Boeing on $8.7 billion incentives for 777X jet

epa05928682 (FILE) - A man walks under a Boeing 777 plane at Taoyuan airport, in Taoyuan, Taiwan, 14 June 2016. Boeing on 26 April 2017 released their first quarter 2017 results, saying their first-quarter earnings and operating cash flow were higher compared to the previous year. Boeing's 1st quarter net income stood at 1,451 billion USD, compared with 1,219 billion USD in 2016.  EPA/RITCHIE B. TONGO

Bloomberg

Boeing Co. won a round in a long-running US trade dispute with the European Union over government backing for the planemaker and competitor Airbus SE.
The World Trade Organisation’s appellate body overruled a lower-level finding that $8.7 billion in tax incentives awarded by Washington state to Chicago-based Boeing for the development of the 777X jetliner constituted the most serious transgression of subsidy restrictions. The appellate body isn’t making a recommendation in the dispute, it said.
“This was a sweeping and clean win for the United States,” Boeing General Counsel J. Michael Luttig said. “The latest of the false claims Airbus and its government sponsors have made has now been rejected by the WTO.”

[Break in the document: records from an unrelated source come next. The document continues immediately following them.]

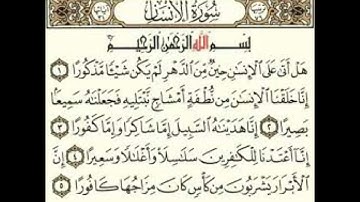 سورة الإنسان من ٥ إلى ١٠ مكرر ٧ سبع مرات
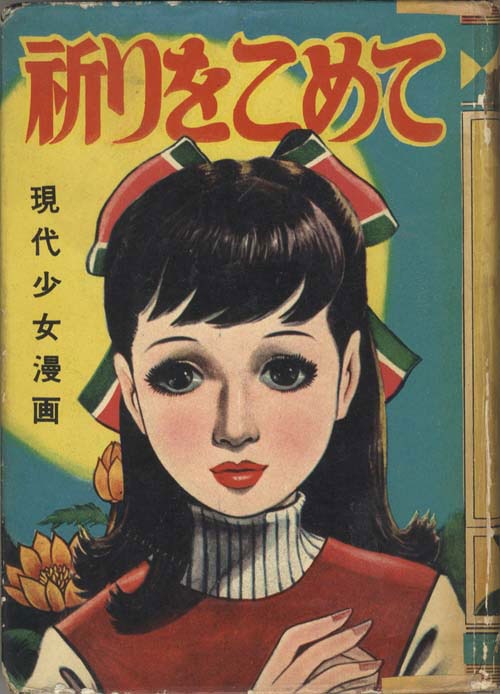 王冠漫画社 (発売・東江堂) /田中美智子「祈りをこめて」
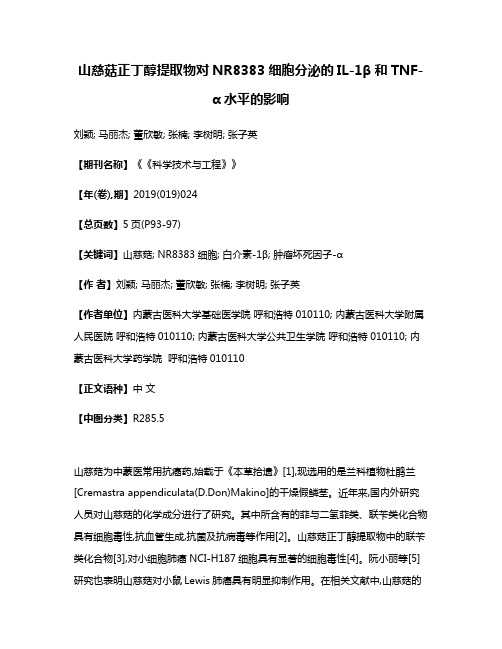 山慈菇正丁醇提取物对NR8383细胞分泌的IL-1β和TNF-α水平的影响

The U.S. and the EU have spent more than a decade tangling over government efforts to help Boeing and Toulouse, France-based Airbus defray billions of dollars in costs to create commercial aircraft. The WTO ruling effectively ends the dispute over aid provided to Boeing by the state to ensure the planemaker would manufacture the 777X and its carbon-fiber wing in Washington, although two other cases are still pending.

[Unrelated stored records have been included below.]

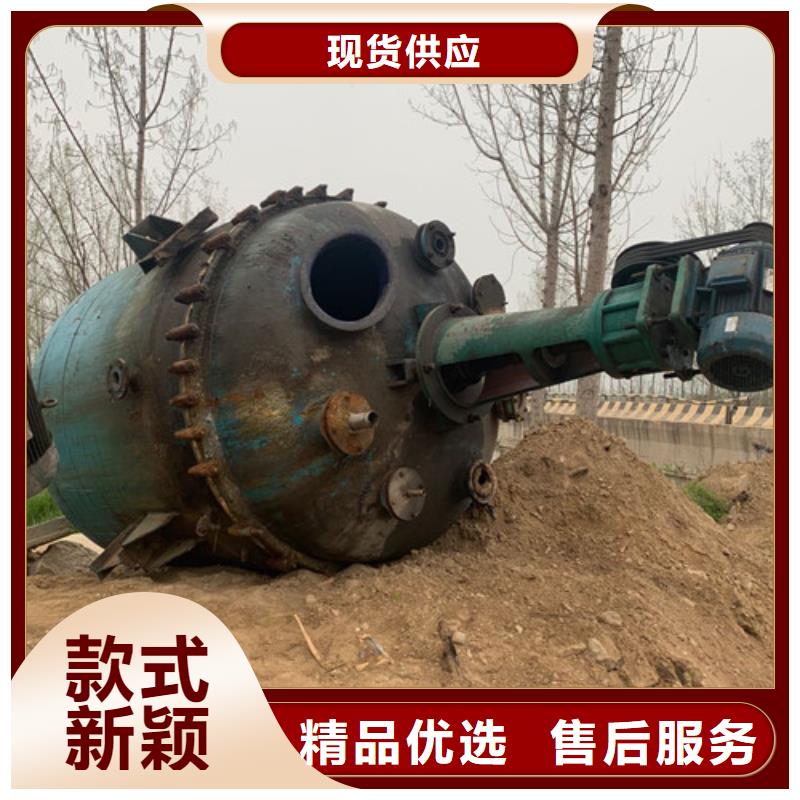 废水蒸发器视频-辽宁省辽阳市鑫淼废水蒸发器可服务区域弓长岭|太子河|大连|阜新|丹东|抚顺|本溪|盘锦等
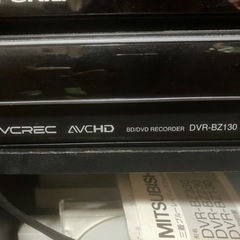 ブルーレイレコーダー　三菱　320GBの画像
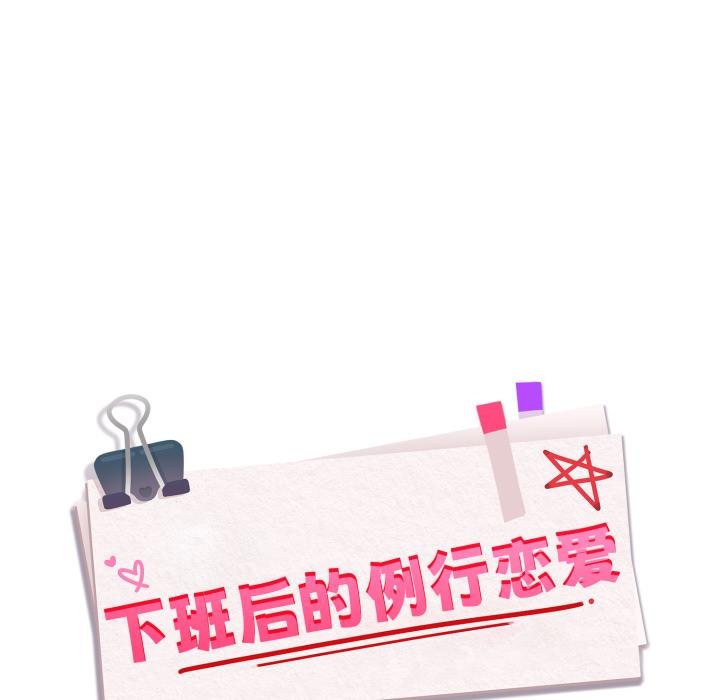 第99话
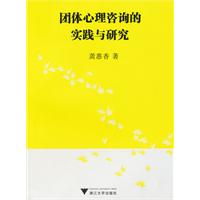 团体心理咨询的实践与研究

The three-judge appellate panel overturned an earlier WTO finding that a 40 percent reduction in a Washington state levy on 777X gross receipts was a prohibited subsidy. While the tax relief spurred Boeing to build the new jetliner at its factory in Everett, Washington, the aid didn’t prompt the planemaker to favour domestic parts over imports, the panel said.
The appellate body also rejected Europe’s contention that six other elements of the state’s incentive package were illegal. No further appeal is available to the EU on this case.

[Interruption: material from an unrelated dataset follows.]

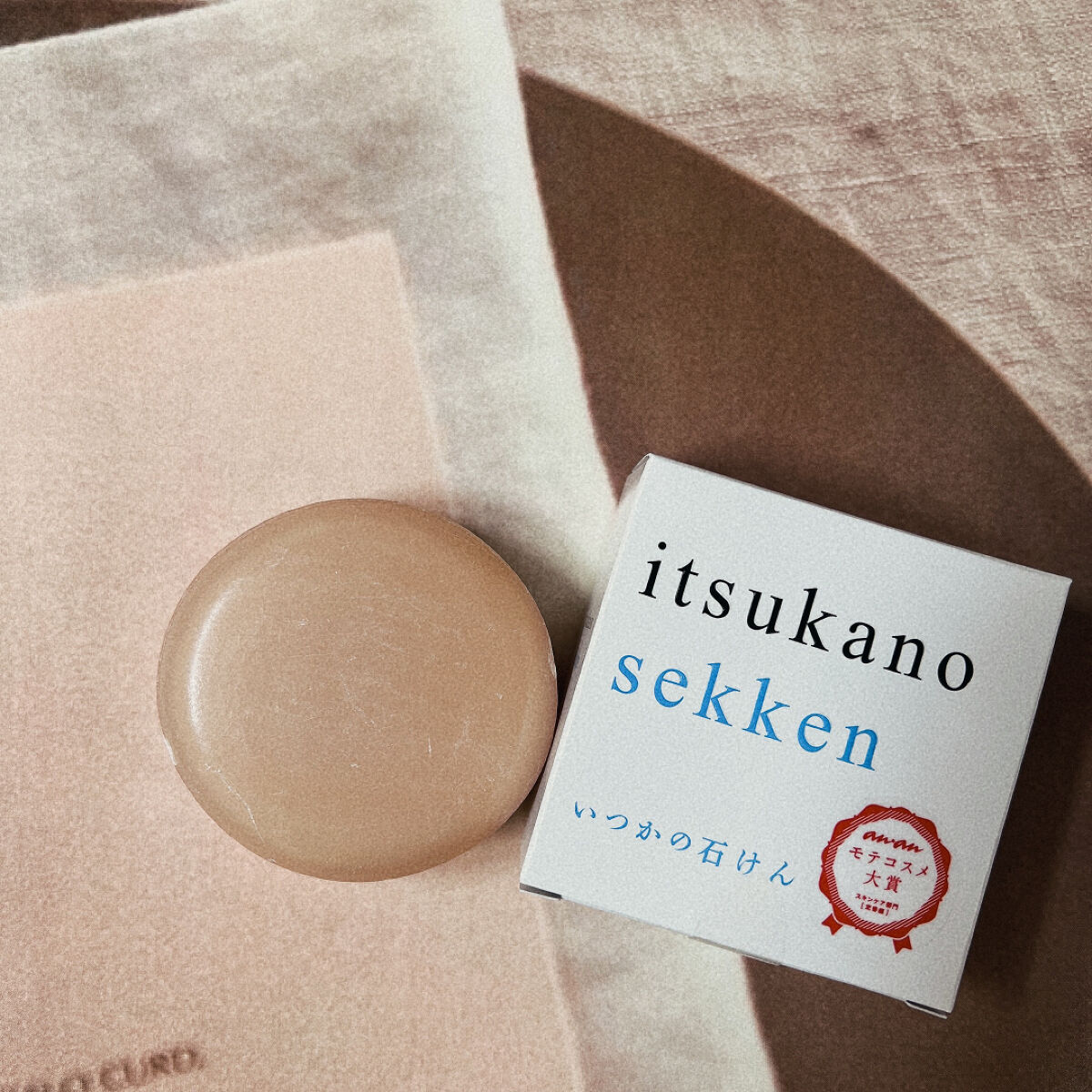 いつかの石けん/水橋保寿堂製薬/洗顔石鹸を使ったクチコミ（1枚目）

The ruling doesn’t preclude the 777X subsidies from being used in a separate and broader case brought by Airbus against Boeing in response to the US manufacturer’s initial application against its rival in 2004. That case is still in its compliance phase and has separately determined the subsidies to be “actionable,” a lesser but still illegal transgression of WTO rules, Airbus said.
“Boeing illegal subsidies are still illegal and need to be removed,” Airbus spokesman Rainer Ohler said. “The ‘game’ is far from over.”
The appellate body is expected to rule later this year on a 2016 finding that the EU failed to remedy some of the incentives to Airbus deemed illegal in 2011 and that the bloc compounded the issue with below-market loans for the planemaker’s new A350 jetliner. The US would be allowed to pursue retaliatory sanctions if the decision is upheld. The EU has appealed and disputes US claims of $22 billion in damages.
“European governments have provided billions of dollars in illegal subsidies to Airbus for years, yet they have tried and failed to create a false equivalence with the United States and Boeing.” US Trade Representative Robert Lighthizer said.